Pasada la jornada inaugural del Mundial de Fútbol, las consecuencias políticas se hicieron notar. El análisis del Licenciado Santiago Pérez.
Casi siete años después de aquel 30 de octubre de 2007, cuando Brasil fuera designado sede del Campeonato Mundial, la pelota comenzó a rodar y, finalmente, empezó a hablarse de fútbol. Porque si hay algo que caracterizó a la previa de esta Copa, fueron los ríos de tinta que bañaron los medios del mundo sobre la capacidad o no del gigante sudamericano para organizar un evento de esta magnitud. Reclamos de la FIFA, pagos de sobreprecios, el no cumplimiento de plazos estipulados y la no ejecución de obras clave. El broche de oro a esta “desfutbolización” se disparó inesperadamente en junio de 2013, con masivas manifestaciones populares que inundaron Brasil, impulsadas, entre otras cosas, por los poco transparentes y multimillonarios gastos en la construcción de infraestructura.

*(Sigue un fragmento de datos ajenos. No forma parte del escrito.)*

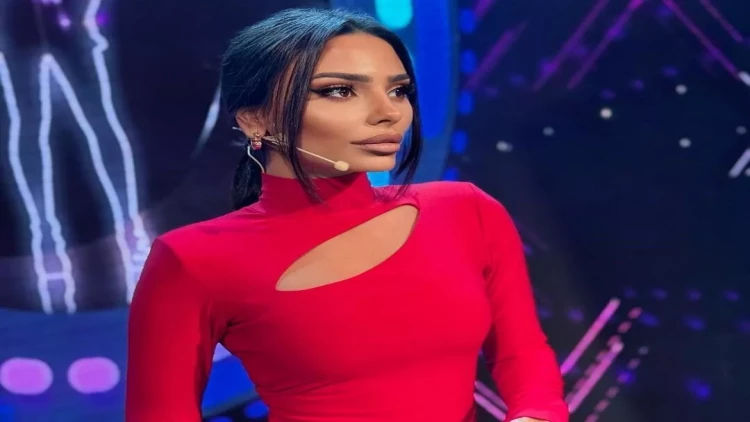 Aparıcı efirdə GİLEYLƏNDİ:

Pero todo eso es ahora historia. La Copa comenzó, y con ella la fiesta. Posiblemente no en la forma en la que se había soñado en aquella jornada de 2007 en Zurich. Pero luego de tantas idas y vueltas, solo el hecho de que el partido inaugural haya transcurrido sin mayores inconvenientes es motivo suficiente para respirar. A contramano de lo que podría haberse esperado de un país como Brasil, amante del fútbol por excelencia, el gobierno no ha podido capitalizar políticamente el hecho de ser anfitrión de la máxima cita futbolística a nivel planetario. El torneo no le ha traído más que dolores de cabeza a Dilma Rousseff, quien fue abucheada por una multitud en el Estadio Itaquerão mientras brasileños y croatas estrenaban el verde césped mundialista. Por estas horas, en el Partido de los Trabajadores solo piensan cómo atravesar la Copa lo más prolijamente posible para llegar en forma a las Elecciones Presidenciales del próximo 5 de octubre. Los números actuales muestran un escenario de balotaje, es por esto que Dilma deberá saber conservar su capital político si desea pasar otros cuatro años en el Palacio do Planalto.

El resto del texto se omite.